Step 2: Poach the chicken with aromatics
In a large pot, combine the chicken broth, halved onion, bay leaf, and 1 teaspoon salt. Add the chicken. Bring just to a gentle simmer over medium heat, then reduce to maintain a bare simmer (no rolling bubbles). Poach until the chicken is cooked through—about 12–15 minutes for breasts or 18–20 minutes for thighs. Transfer the chicken to a plate; tent loosely with foil. Remove and discard the onion and bay leaf from the pot, leaving the clear broth behind.
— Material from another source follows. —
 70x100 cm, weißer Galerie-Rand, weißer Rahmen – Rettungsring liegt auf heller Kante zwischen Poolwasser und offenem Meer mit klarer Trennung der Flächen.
Step 3: Cook the brown rice in the broth
Add the rinsed brown rice to the simmering broth. Partially cover and cook at a gentle simmer, stirring occasionally, until the rice is tender, 35–40 minutes. If too much liquid evaporates, top up with hot water or broth to keep roughly 8 cups of liquid in the pot.
Step 4: Shred the chicken
While the rice cooks, shred the chicken into bite-size pieces using two forks (or chop if you prefer smaller pieces). If using cooked rotisserie chicken, simply shred to measure about 2 1/2 cups.
Step 5: Make and temper the avgolemono
When the rice is tender, reduce the heat to low. Let the soup sit off the heat for 2–3 minutes to drop just below a simmer (aim for about 170–175°F/77–80°C if using a thermometer). Whisk the eggs vigorously until frothy, 30–45 seconds, then whisk in the lemon juice and zest until smooth. Ladle in the hot broth a little at a time (about 3 cups total), whisking constantly to warm the eggs gently without scrambling. Slowly pour this tempered egg-lemon mixture back into the pot, stirring in a slow figure-eight motion. Keep the heat low; do not let the soup boil once the eggs are added.
Step 6: Finish, season, and serve
Stir the shredded chicken back into the pot along with the olive oil and black pepper. Taste and adjust with additional salt and lemon juice as needed—the flavor should be bright and balanced. Let the soup rest on low heat for 3–5 minutes to thicken slightly (still below a simmer). Ladle into warm bowls and garnish with dill or parsley, extra zest, and freshly ground pepper. Serve immediately with lemon wedges.
Pro Tips
- Keep it silky: after adding the egg-lemon mixture, never let the soup boil. Gentle heat preserves the creamy texture.
- Temper patiently: whisk in hot broth gradually to the eggs to avoid curdling. A steady stream and constant whisking are key.
- Use a thermometer: aim for 170–175°F (77–80°C) when finishing; above that, the eggs can scramble.
- Speed option: use 2 cups cooked brown rice and add it at the end, skipping the 35–40 minute simmer.
- Rotisserie shortcut: swap the poached chicken for 2 1/2 cups shredded rotisserie for a weeknight-friendly version.
Variations
- Classic orzo avgolemono: replace brown rice with 3/4 cup dry orzo. Simmer in broth 8–10 minutes before tempering the eggs.
- Vegetarian lemon-rice soup: use vegetable broth and 2 cups cooked chickpeas in place of chicken.
- Greens boost: stir in 3 cups baby spinach or chopped kale during the last 2 minutes for color and nutrients.
Storage & Make-Ahead
Refrigerate leftovers in an airtight container for up to 3 days. Reheat gently over low heat, stirring often; do not boil or the egg emulsion can break. If the soup thickens in the fridge, loosen with a splash of water or broth. Freezing is not recommended once the eggs are added. For freezer meal prep, cook the broth with chicken and rice only; cool and freeze up to 3 months. Reheat to a simmer, then temper and add the egg-lemon mixture just before serving.
Nutrition (per serving)
Approximate values: 260 calories; 22 g protein; 9 g fat; 23 g carbohydrates; 2 g fiber; 680 mg sodium (varies with broth). Calculated with chicken breast and 1 tbsp olive oil.